Les habitants d’Uruk écrivaient avec des roseaux et de l’argile, car ces matériaux étaient largement disponibles. Uruk est située au milieu des marais de Mésopotamie, un paysage aquatique rare au milieu d’un désert aride. Les marais, alimentés par l’Euphrate et le Tigre, étaient peut-être plus vastes dans le passé qu’aujourd’hui. On pense qu’un canal de l’Euphrate, aujourd’hui asséché, coulait tout près d’Uruk.

Après avoir coupé un roseau sur les rives marécageuses de l’Euphrate, les habitants d’Uruk ont découvert qu’en le trempant dans de l’argile molle et humide avec son bord coupé vers le bas, il produit une forme cunéiforme caractéristique. En séchant, l’argile durcissait et cette forme était préservée.

Lorsque les comptables ont simplifié leurs pictogrammes en symboles de plus en plus abstraits, ces symboles ont pris la forme de certains arrangements de marques en forme de coin, qui sont ensuite devenus les premiers caractères ou lettres. C’est pourquoi le système d’écriture le plus ancien est aujourd’hui connu sous le nom de cunéiforme, du latin du latin cuneus (« coin ») et forma (« forme »).

À l’origine, les archivistes dressaient l’inventaire en écrivant de haut en bas sur leurs tablettes d’argile, comme pour dresser une liste. Après de nombreuses années d’écriture de cette manière, les scribes ont mis au point un nouveau système innovant consistant à écrire de gauche à droite. Cette innovation réduisait le risque d’effacer ce qui avait été écrit avant que l’argile ne sèche.

Cependant, les prêtres du temple et les autres lettrés d’Uruk étaient habitués à lire les documents de haut en bas, et non de gauche à droite, et le nouveau système des scribes ne leur convenait pas. Les scribes ont donc trouvé une solution leur permettant d’écrire de gauche à droite, tout en pouvant lire leurs tablettes de haut en bas. De manière ingénieuse, ils ont simplement écrit des versions de leurs symboles écrits qui étaient tournées de quatre-vingt-dix degrés. Le fait d’écrire leurs symboles de côté permettait à ceux qui lisaient les tablettes à l’ancienne, de haut en bas, de ne pas être incommodés.

Finalement, les gens ont commencé à lire l’écriture symbolique de la même façon qu’elle était écrite, de gauche à droite.
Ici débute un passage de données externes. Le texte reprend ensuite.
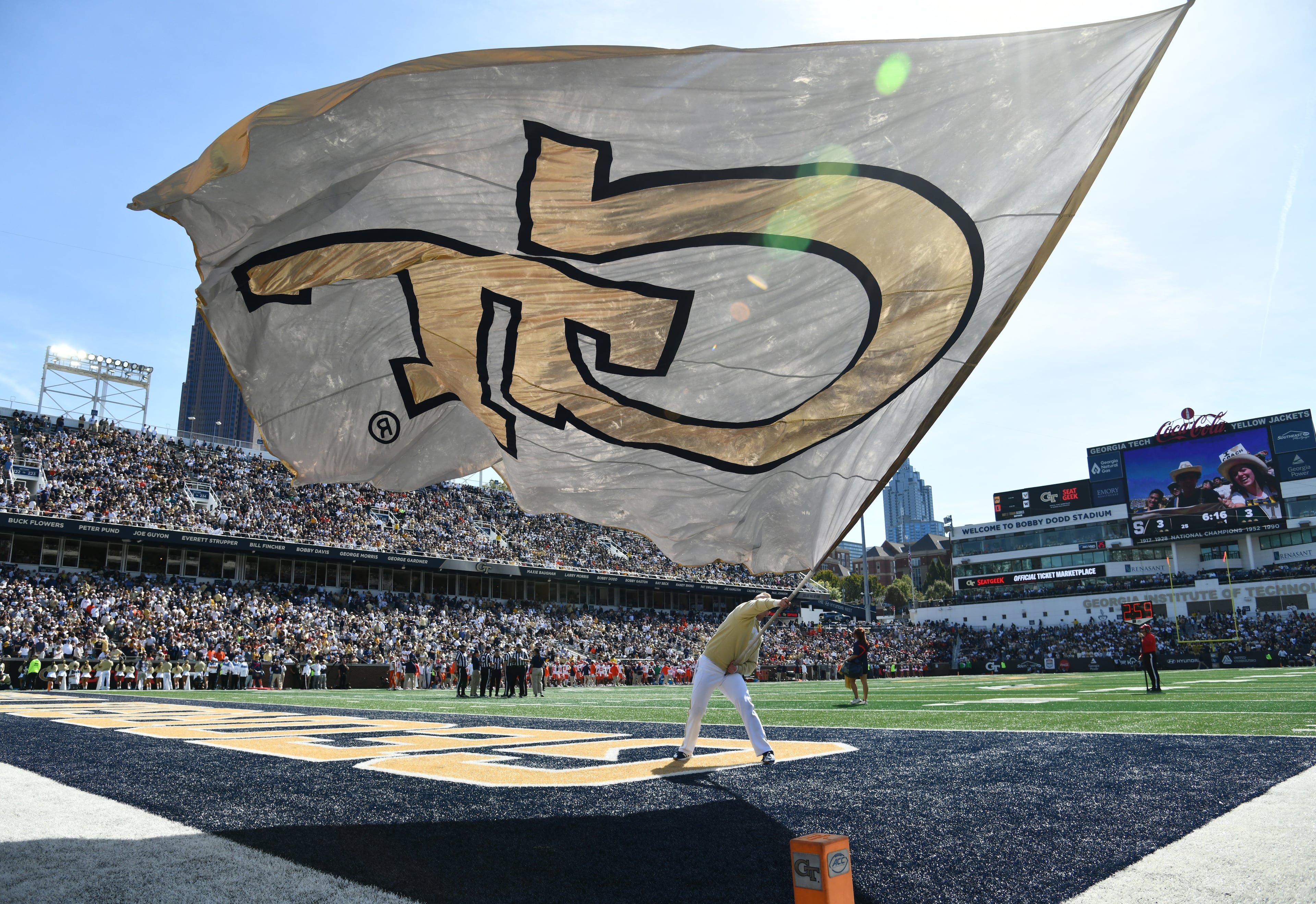 Georgia Tech fans cheer during the first half of an NCAA college football game at Bobby Dodd Stadium, Saturday, October 25, 2025 in Atlanta. (Hyosub Shin / AJC)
Mais comme les symboles déjà abstraits étaient tournés, ils devenaient encore plus abstraits, accélérant le processus de passage des simples pictogrammes aux caractères cunéiformes. Ci-dessous, vous pouvez voir l’évolution du caractère cunéiforme signifiant tête, d’une simple image dessinée vers l’an 3000 avant J.-C. à un caractère cunéiforme hautement abstrait près de mille ans plus tard.

Aujourd’hui, Uruk est surtout connue comme la ville du héros antique Gilgamesh, décrite dans l’Épopée de Gilgamesh. Ce poème épique a commencé comme une série de poèmes composés vers 2100 avant J.-C., bien que la version la plus complète qui subsiste soit considérablement plus récente, datant du XIIe siècle avant J.-C.

Les chercheurs pensent qu’un personnage réel du nom de Gilgamesh a probablement régné sur Uruk entre 2800 et 2500 avant J.-C., et qu’il a été décrit comme un demi-dieu et un héros plus grand que nature après sa mort. Grâce à l’invention de l’écriture, les gens peuvent aujourd’hui apprécier non seulement la littérature sumérienne, mais aussi toute la production littéraire humaine, des pièces de William Shakespeare à la science-fiction d’Isaac Asimov.

Pour avoir été la première grande ville du monde et le berceau de l’écriture, Uruk, à l’âge du bronze, mérite d’être reconnu comme notre deuxième Centre du progrès. L’écriture a donné à l’humanité un nouveau moyen d’expression créative et la possibilité d’échanger des informations entre générations et à travers le monde.